We have seen how condition prediction presents a unique challenge due to its inherently many-to-many nature. This complexity, combined with dataset sparsity and bias, impacts every stage of model development: from input representation and output encoding to evaluation. The choice of both input representation and output encoding is closely tied to the nature of the dataset and should be carefully considered, particularly for ‘global’ models. Furthermore, standard evaluation metrics in ‘global’ models often fall short, due to the ambiguity of ‘ground truth’ labels. Therefore, it is critical that the evaluation of such models should include experimental validation (in the ideal case), or at the very least careful analysis of ‘incorrect’ predictions, to gain a better insight into a model's performance.
To begin, we refer back to the introduction, and the different definitions of ‘optimal’ conditions. The majority of existing approaches focus on selecting conditions for a given substrate pair which produce the highest yield of the desired product.38,43,59 Though some methods focus on discovering and predicting ‘general’ reaction conditions.39,40,89 We will predominantly focus on models of the former, analysing models based on their architecture. For models that aim to optimise the yield, we can classify these models in the same way we did with the data: ‘global’ models and ‘local’ models.45 ‘Global’ models refer to models that are trained on large amounts of literature data contained within datasets such as US Patent & Trademark Office (USPTO),53 Reaxys,56 Pistachio90 or the Open Reaction Database,23 and can be applied to many different reaction types. On the contrary, ‘local’ models are trained on a single, specific reaction type (often) using HTE data.

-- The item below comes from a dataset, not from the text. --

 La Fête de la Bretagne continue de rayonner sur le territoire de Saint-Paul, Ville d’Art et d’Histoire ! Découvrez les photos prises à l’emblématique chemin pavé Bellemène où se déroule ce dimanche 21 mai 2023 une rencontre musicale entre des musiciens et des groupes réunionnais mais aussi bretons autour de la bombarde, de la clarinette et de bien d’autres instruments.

Furthermore, it is important to distinguish possible problem setups employed to predict conditions (see Fig. 5). Most ‘global’ models aim to solve some form of ‘classification’ task: which reagent(s) from a selection of reagents are the most appropriate for the input reaction? With this in mind, we begin our analysis by analysing ‘global’ models (see Table 3).
However, the similarity approach does have issues, as similarity searching on large databases can become very slow, and requires special approaches like FAISS.93,94 This can make similarity searching impractical, despite its interpretable nature. The other issue is that similar reactant structures can often exhibit very different reactivity, for example changing the substitution pattern of aromatic systems like indoles can cause vastly different reactions to occur (electrophiles reacting at C(3) versus reacting at nitrogen). Structural encodings must be able to capture this subtle change in reactivity, which might not be possible through simple fingerprints, and more complex DFT-based featurisation methods might be better suited to capturing these differences. Increasing the complexity of models can capture more of this reactivity information, which can lead to better performance which we will discuss now.

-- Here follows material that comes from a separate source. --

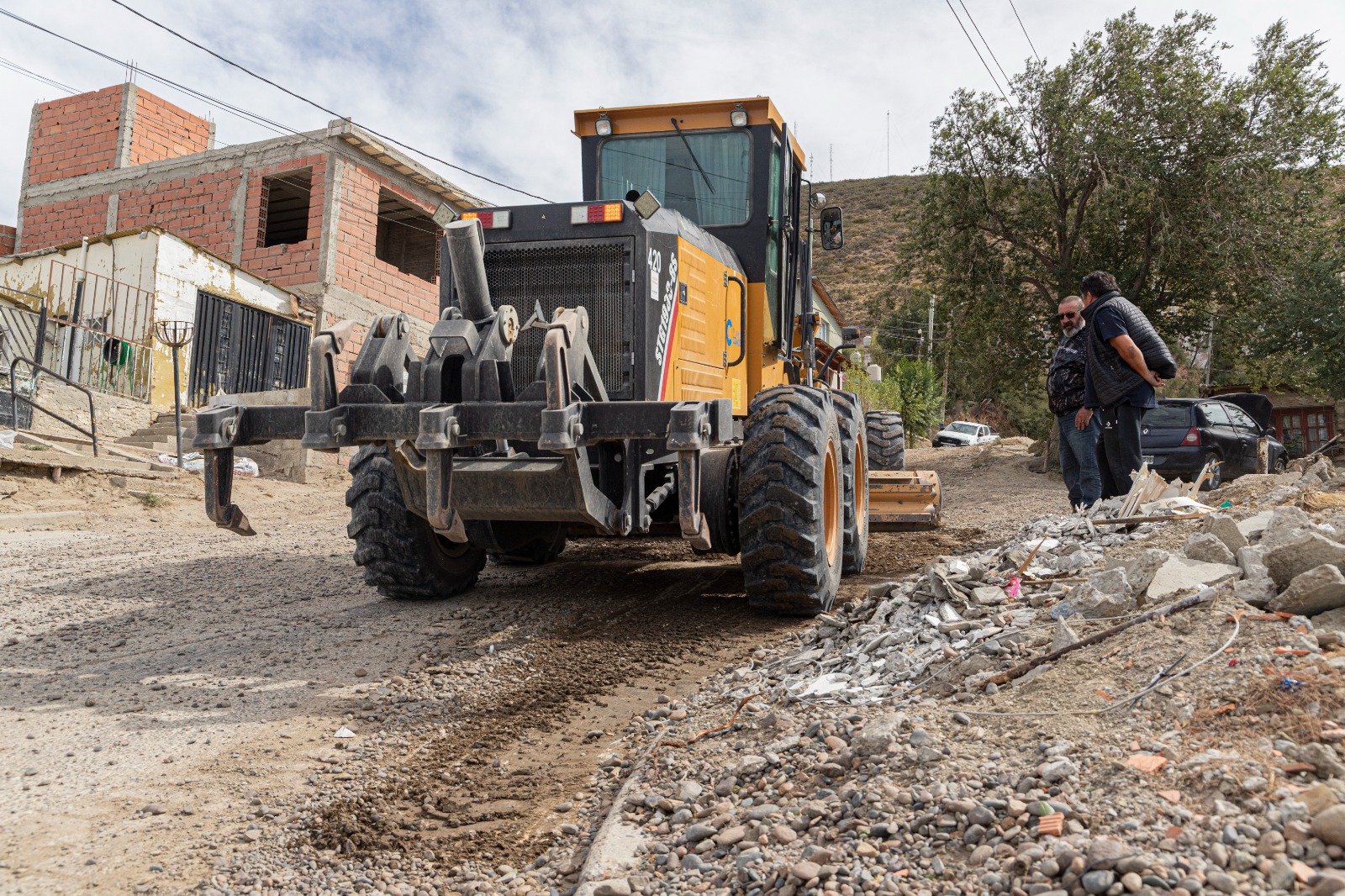 Se realizaron tareas de repaso y enripiado en el barrio La Floresta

Both Afonina et al. and Chen and Li also treat condition prediction as a classification problem, though with some similarities to ‘label ranking’ (see Fig. 5).2,32 Afonina et al. use a ‘Likelihood ranking model’ which enumerates all conditions including acid, base, temperature, pressure and catalyst, encoding reactions using ISIDA CGR fragment descriptors,51 before using a neural network to output the most likely conditions for that reaction. This approach showed strong performance, improving on the work of Gao et al. for hydrogenation reactions (73% top-1 accuracy on a retrospective test set), although performance on the prospective test set showed that a popularity baseline was comparable in performance, achieving correct top-1 predictions 68% of the time. This method requires the enumeration of all conditions, and for large datasets covering many reaction types, enumerating all combinations of conditions is computationally infeasible.2 Chen and Li employed a neural network that shares many characteristics of the ‘likelihood ranking model’. Using a two-stage condition generation and ranking approach, they leveraged a ranking model alongside a generation model to generate plausible conditions prior to ranking, avoiding the need for the enumeration of all possible conditions.32 Again, this yielded good results, finding an exact match to the true condition with the top-1 suggestion 53% of the time. Interestingly, in a short case study, the authors found that the model suggested conditions which were used in the publication but were not recorded in the reaction database. This reiterates the importance of not only recording all reactions performed in reaction databases, but also that care should be taken when evaluating models purely based on top-k accuracy.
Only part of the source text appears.